The Tempest is perhaps Shakespeare's most nakedly psychoanalytic work, pretty weird considering nobody had ever heard of psychoanalysis in Elizabethan England. This has led commentators from Coleridge on to speculate that Prospero, the embittered former duke who's become a misanthropic scholar while in isolation, is a virtual stand-in for the playwright. Not being a Shakespearean scholar myself, I can't compare the personalities and concerns of the author and his creation, but I can venture that The Tempest is so packed with symbolism and metaphorical interpretation, it's (over)ripe for interpretation. Before the ship full of Italian nobility scatters its human contents, the remote island where Prospero and Miranda dwell also features two unearthly creatures who do Prospero's bidding--the frolicsome spirit of air and fire, Ariel (Bill Lengfelder, an agile and charming acrobat-actor), and debased but ambitious Caliban (Daniel Murray), an animalistic servant who's willing to (literally) lick anyone's boots for a chance to escape his stern master. As extensions of the lead character (and, if you believe the hype, Shakespeare himself), Ariel and Caliban are the Jungian light and shadow sides. Both actors perform their prescribed functions winningly, with Murray lending a Gollum-like, sinister obsequiousness to his role.

Unfortunately, the castaways on Prospero's island in this version of The Tempest don't fare nearly as well. The decision to bleach their hair, skin, and clothes becomes an ironic commentary on how indistinguishable these performances are from one another. Ariel whips up the storm that strands king Alonso; Alonso's son Ferdinand (Michael Federido); scheming assistants Antonio (Ira Steck) and Sebastian (Aaron Ginsburg); former Prospero aide Gonzalo (David Irving); and Stephano and sidekick Trinculo (Michael Aronov). The machinations of Antonio and Sebastian, who hope to seize the emergency and assassinate Alonso, run together in a blur of bland characterizations. Gonzalo, the last in a line of faithful, virtuous, almost Christ-like Shakespearean servants (see Juliet's nurse and Desdemona's maidservant), threatens to fade before our very eyes because of Irving's perfunctory performance.

Interestingly, the two shipwrecked characters not given a top-to-bottom whiteout are the most compelling in this Italian contingent. Heather Hanna as Stephano underscores her role with an appropriate cockiness that fully supports her character's murderous ambitions. Michael Aronov, a bushy-haired Russian immigrant to Dallas, steals every scene he's in as the dimwitted but fatally honest Trinculo. It seems to me Shakespearean comedy is even more difficult to translate for contemporary audiences than the Bard's tragedy, and Aronov keeps the audience laughing with his nimble portrayal of another stock character in this playwright's stable--the wise-despite-himself working joe (see the gravediggers in Hamlet).

Kitchen Dog Theater's gender subversion of the original Tempest doesn't really address the concerns that director Dan Day lays out in the program essay, but it does provide recent Kitchen Dog addition Sheriden Thomas a chance to shine.
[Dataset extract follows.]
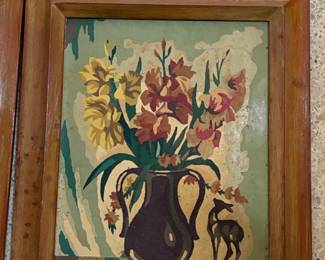 Vintage MidCentury PaintbyNumber Floral Still Life Pair third image
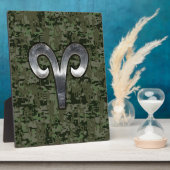 Silver Aries Zodiac Symbol Green Digital Camo Fotoplaat (Zijkant)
The stout, acerbic Thomas already proved she could handle traditionally masculine territory with authentic performances as men in last season's Dallas Theater Center performance of Angels in America. In her performance as the angry, articulate Prospero, Thomas opts for neither butch mannerism nor femme inversion of a macho role. Her presence is pure caffeinated androgyny, and it's the production's biggest claim to sexual anarchy: Thomas' fluidity and eloquence with Shakespeare's language actually renders Prospero's gender irrelevant--she makes her character a true essence of conflicted ideas and feelings, tenderness and brutality with whom anyone can identify. I don't know if this is the kind of commentary director-adapter Dan Day had in mind, but Thomas' ambisexuality is the most memorable thing about Kitchen Dog's The Tempest.